Federal lawmaker Cesar Octavio Camacho, president of the justice and human rights commission in the lower house of Congress, said he too worried about prosecutorial abuse.

"Although the proposal stems from the president's noble intention of efficiently fighting organized crime," he said, "the remedy seems worse than the problem."
The LA Times has the full article here.

Leaving aside issues internal to Mexico, the article makes clear one target of the wiretapping program will calls to Mexico made by US citizens (and calls made from Mexico to US citizens). These citizens needs not be suspects in any matter, yet it's possible, likely even, their private conversations will be listened into, and any information could be shared back with the US government.

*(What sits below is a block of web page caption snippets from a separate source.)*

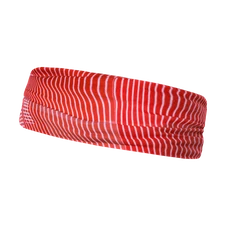 Multifunctional scarf LÖFFLER Multifunctional tube - red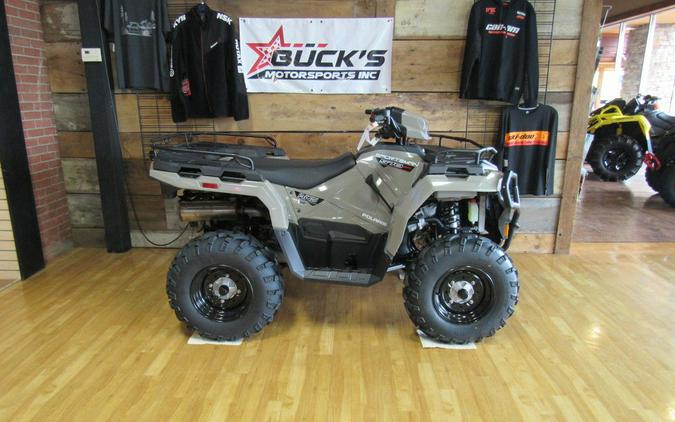 2024 Polaris® Sportsman 570 EPS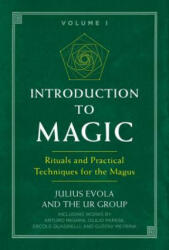Introduction to Magic - UR Group (ISBN: 9780892816248)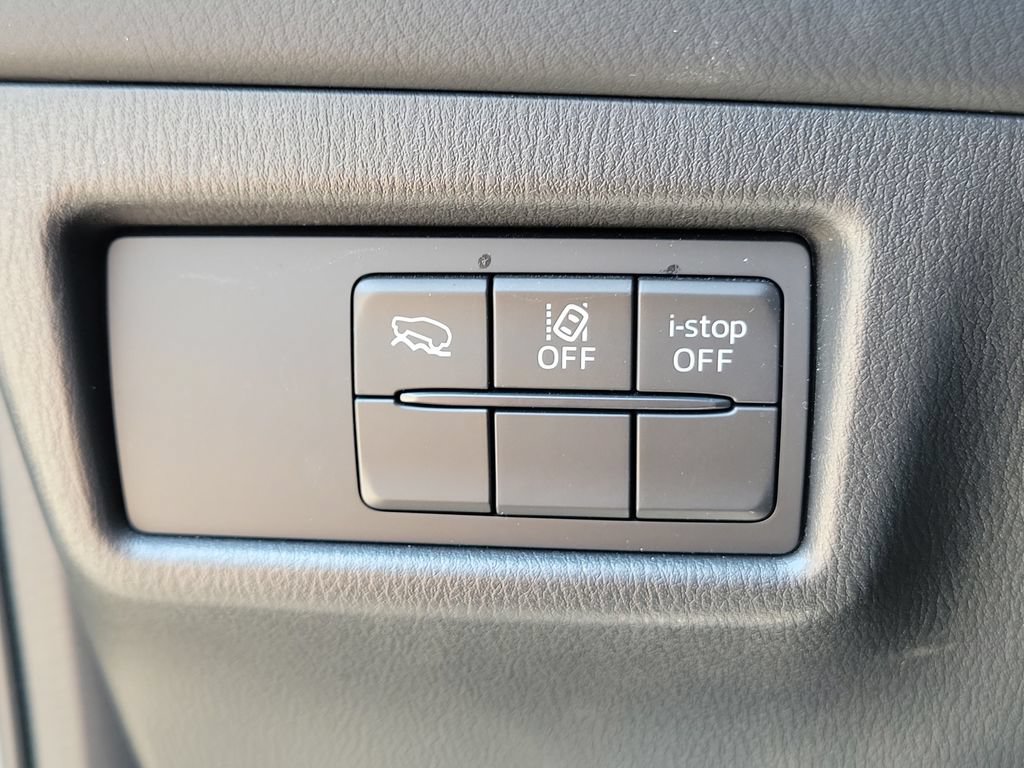 Used 2024 MAZDA CX-5 AWD 2.5 S image 21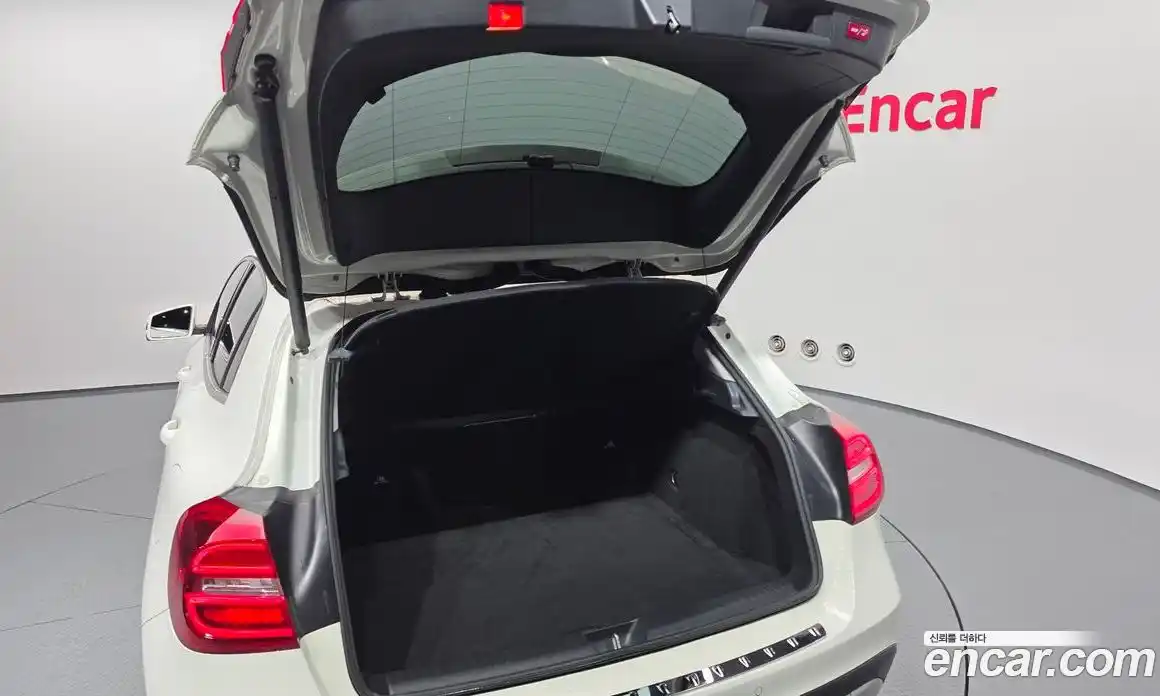Mercedes-Benz GLA-Class 2015 2.1 гидро в Москве № 1131940, фото 20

It's not hard at all to think of scenarios where this system could be used and abused. For example, the US government has person X they want to get some info on, but no reasonable grounds for it. However, conveniently person X makes and receives regular phone calls to Mexico. Problem solved! Get the Mexican government to tap all phone calls to and from person X and pass information back to the US. All 4th-amendment rights have been nicely skirted.

As always, there are reasonable purposes presented to justify the program -- Mexico has a real problem with drug violence, particularly in the north of the country along the US border, and a program like this really could help address the issue. However, given the long history of abuse of such programs in Central America (which the article alludes to), who would really trust the government to limit the scope of the program? Historically, governments are addicted to this sort of thing -- give them a little in and they start continuously looking for ways to wedge the opening wider and wider, until the program is far broader than was ever intended.

The direct consequences would be an issue for Mexico to deal with, but if the program expands and more and more information gets shared with our government, then it affects us to. I certainly don't trust any administration, much less the current one, to act properly with regard to programs like this.

If Mexico wants to expand the program, fine, that's their choice -- but then Mexico should pay for it. The US government should not be in the business of forking over funding so foreign governments can do a better job of spying on US citizens.